Best Practices for Writing Protobuf

This page contains the best practices that are used in VSETH to write proto files.

The requirement level keywords "MUST", "MUST NOT", "REQUIRED", "SHALL", "SHALL NOT", "SHOULD", "SHOULD NOT", "RECOMMENDED", "MAY", and "OPTIONAL" used in this document are to be interpreted as described in RFC 2119.

General

In general, VSETH follows the Google API Design Guide. This guide is quite extensive, and therefore this page summarizes and highlights important guidelines out of this document.
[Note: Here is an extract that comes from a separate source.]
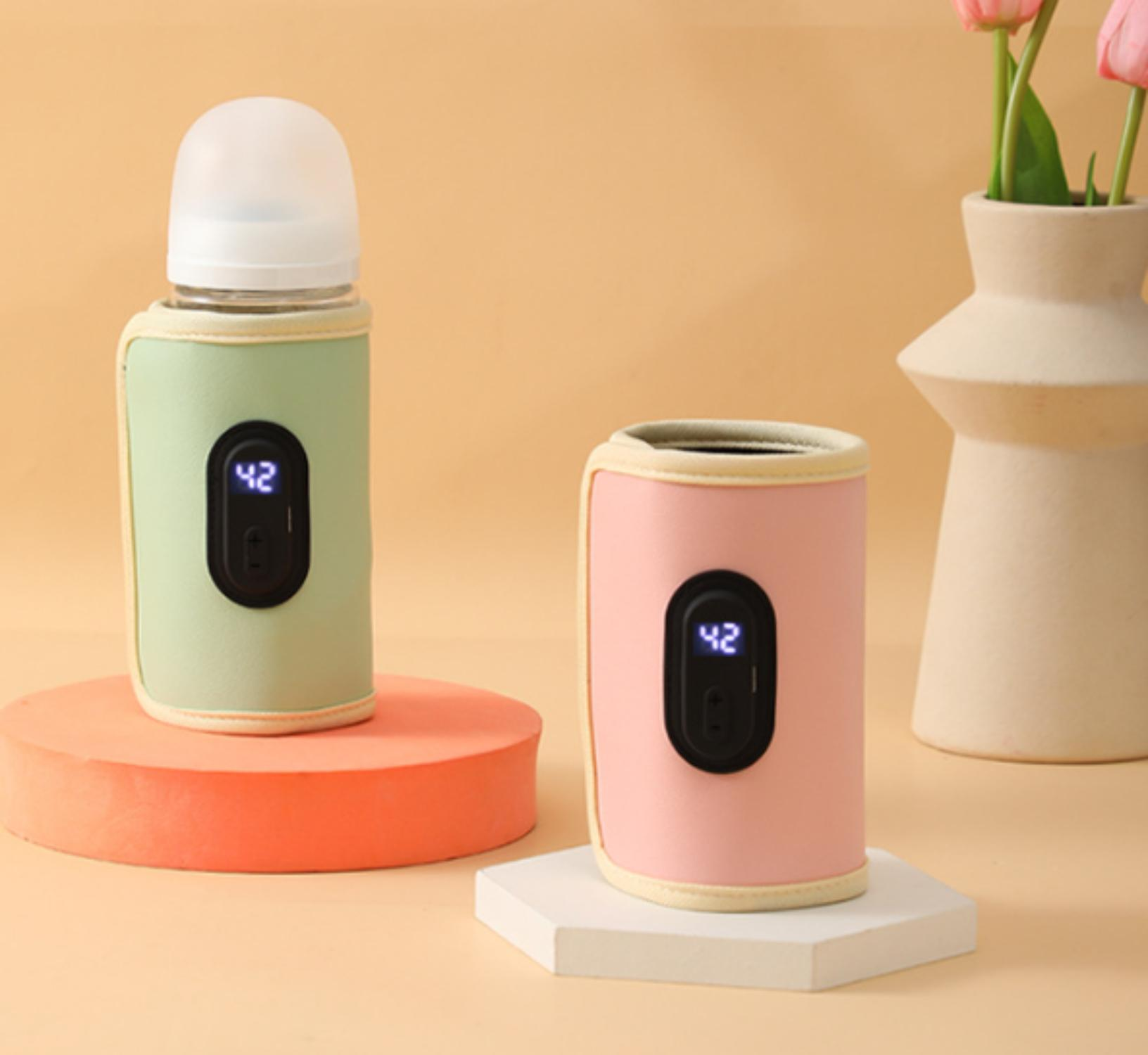 Zwei Babyflaschenwärmer, einer rosa und einer grün, jeweils mit einer Digitalanzeige, die 42 anzeigt.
To manage APIs, we use SerVIS, which enforces some constraints that may differ from the Google Guide and standard conventions, most importantly:

  • Organization: Each API has one proto file with one Servis
  • Versioning: There is always one proto file, which might contain experimental features (RPCs, fields, messages). Features are introduced or removed over a specific process, where breaking changes can not happen spontaneously. It is, therefore, essential to design APIs to be extendable, as breaking changes are sometimes only achievable in a cumbersome process.

(MUST) Use Google.Protobuf.WellKnownTypes

Google provides a collection of predefined Proto Types for several general use cases, such as an empty message (google.protobuf.Empty). Instead of redefining these in every proto file, you MUST use these types.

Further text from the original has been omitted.